Braidr analysed the Twitter profiles of more than 15,000 CMOs and similar professional roles across the UK and US over the past 12 weeks, and found that fewer than one per cent (0.83%) of CMOs in the US, and even less in the UK (0.25%), have been engaging in crucial discussions about the cookieless future and the significant impact the shift will have on their businesses.

The study found that the vast majority are failing to discuss the impact that the loss of 3rd party cookies and increased privacy demands will have on marketing, and by association company finances, if not mitigated imminently.

Dora Moldovan, co-founder and managing director of Braidr, said: “Despite Google announcing a short delay, the next e-generation is looming incredibly fast, where everything that we’ve learned over the past 20 years, and the tools we know are going to disappear, yet CMOs are talking mostly about AI, the Metaverse and Elon Musk.

“While these topics are exciting and sometimes entertaining, none of them will have such an immediate impact on the bottom line as the sunset of 3rd party cookies.”

Since Apple announced changes that make Identifiers for Advertisers (IDFAs) significantly less valuable than before, marketers have seen changes to their marketing costs and outcomes affected, especially on Facebook ads, and this is set to amplify once Google removes 3rd party cookies from its Chrome browser.

Meta last week announced its first ever decline in revenues, blamed partially on Apple’s privacy changes, which make it harder for Meta to harvest user data for its targeting algorithms.

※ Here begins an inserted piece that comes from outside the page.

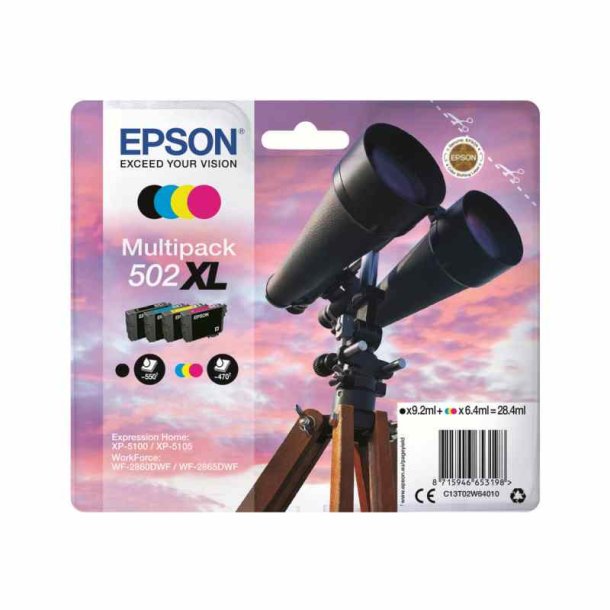 Epson original blkpatron T502XL Multipack - S/C/M/Y XL - 9,2/6,4 - 520XL Kikkert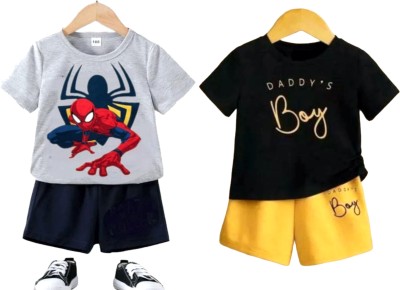 Tamanashorts Baby Boys & Baby Girls Printed Pure Cotton T Shirt(Black, Pack of 2)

This is hurting not only advertisers but also the platforms themselves. The advice to marketers given by Google and Facebook is to turn to measurement, attribution, and activation of 1st party data.

Yet Braidr’s study of Twitter discussions among senior marketers shows that few are giving the subject the consideration it requires. Instead, 20 per cent of UK CMOs are engaged in discussions about business strategy, while data issues, such as business transformation, feature in 15 per cent of marketers’ Twitter conversations, a similar number to those in the UK discussing Elon Musk.

Braidr’s report adds that the ultimate victim will be bottom lines, especially for smaller businesses who will be paying much higher sums to reach less users than previously. It says the answer lies with data: from the way businesses approach tracking (moving towards server-side and API based) to implementing Google Ads Enhanced Conversions and FaceBook’s CAPI to using alternative products that are able to collect data without full reliance on cookies, as well as attribution and marketing mix models and the holy grail of the cookieless future – 1st party data activation.

Braidr, part of the Tomorrow Group, conducted its analysis by continually ‘listening’ to Twitter via the social media platorm’s API. It collected the conversations of just over 15,000 CMO (and CMO-type) profiles. The analysis was then achieved by applying state-of-the-art topic modelling and machine learning to distil over 600,000 distinct tweets from CMO timelines into themes and insights.